We evaluate a new approach for monitoring head movement inside an MR scanner, which exploits the linear variation of the voltages induced in a set of coils by time-varying magnetic field gradients with respect to small changes in position/orientation. This approach was tested by attaching five coils to a structured agar phantom and a healthy volunteer’s head. The results suggest that it is possible to estimate the position and orientation with 0.22mm and 0.24° root-mean-square error using this set-up. The new approach could be used for prospective or retrospective motion correction.
Experiments were carried out in a 3T Philips Achieva system. An MR-compatible ExG amplifier system (Brain Products GmbH, Munich) was used to measure the gradient-induced voltages in a set of five coils attached to a spherical agar phantom or to a human subject (Fig. 1). For these experiments, we used an EPI sequence which included three additional gradient pulses successively applied along the right-left (RL), anterior-posterior (AP) and foot-head (FH) directions in the quiet periods between slice acquisitions. Each pulse ramped-up/down over 5 ms at 4 Tm-1s-1 inducing voltages of several 100 μV in the coils (Fig. 2).

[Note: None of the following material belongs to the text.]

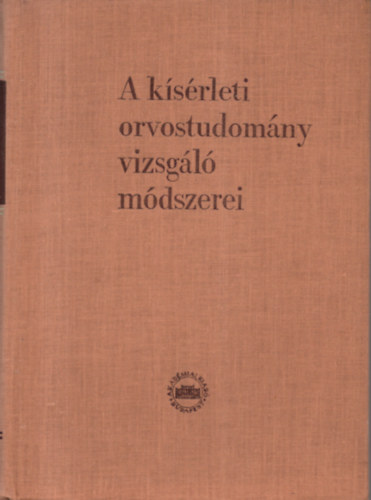 Dr. Kovách Arisztid (szerkesztette) - A kísérleti orvostudomány vizsgáló módszerei III.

The positions (x, y and z) and orientations (θ, φ and ψ) of the head/phantom were also measured by co-registering images acquired during the experiments using the Statistical Parametric Mapping toolbox (SPM8). 3D gradient echo images (1.5 mm resolution; FOV = 200×200×179 mm3) were used for the phantom, whereas the EPI images (3.0 mm resolution; FOV = 240×240×96 mm3) were used for the subject. A training set of measurements was first made while the phantom/head was translated along the z-axis and then rotated about the x- and z-axes. Principal Component Analysis was applied to the position data estimated using SPM8 to identify the combination of parameter changes that best characterised the movements, and three principal components were then collected together into a design matrix along with a baseline term. The design matrix was fitted to the measured voltages using a pseudoinverse to determine the coefficients relating the co-ordinate changes and induced voltages. Experimental data were then collected while the subject/phantom underwent random changes in position. The coefficients derived from the training set were used to estimate the position changes and the results compared to movement parameters found using image co-registration.
Results:
Figure 3 shows the variation of the voltages induced in the five coils by a time-varying x-gradient as a result of small changes in position and orientation of the phantom. Figure 4 (A&C) shows the changes in position and orientation estimated from SPM8 co-registration (*) and from the measured voltages (o) for the phantom and the subject. Figure 4 (C&D) show the differences in the positions estimated by using SPM8 and the model relating the change in induced voltages to position. Figure 5 lists the range and root-mean-square (RMS) amplitude of these differences for the phantom/subject data.
Discussion:
The results confirm that the amplitudes of the gradient-induced voltages vary linearly with changes in the coils’ translational positions and with small changes in their orientations (Fig. 3) and that the pattern of variation across coils is different for different types of movement (Figs. 3 and 4). This allows movement information to be derived from coil measurements (Fig. 4) by using a linear model incorporating coefficients calculated from a training data set for which complementary information about movement is available (e.g. from image co-registration, as used here, or from optical or navigator-based position measurements). The results from the human subject show that this approach can provide estimates of position and orientation with less than 0.22mm and 0.24° RMS error for head movements in the range of ±4 mm/degrees (Figs 4 and 5). The relatively larger errors for the subject data compared to the phantom may be due to the use of a smaller training data set and/or the greater variety of movements in this data set. A practical implementation of this approach would involve measuring the position-sensitive voltages induced by the imaging gradients rather than additional gradient pulses. This would speed up the model formation phase and increase the temporal resolution of position monitoring.[1] M. B. Vestergaard, J. Schulz, R. Turner and L. G. Hanson. Motion tracking from gradient induced signals in electrode recordings, Proc. of the ESMRMB 28th Annual Meeting, 368, (2011).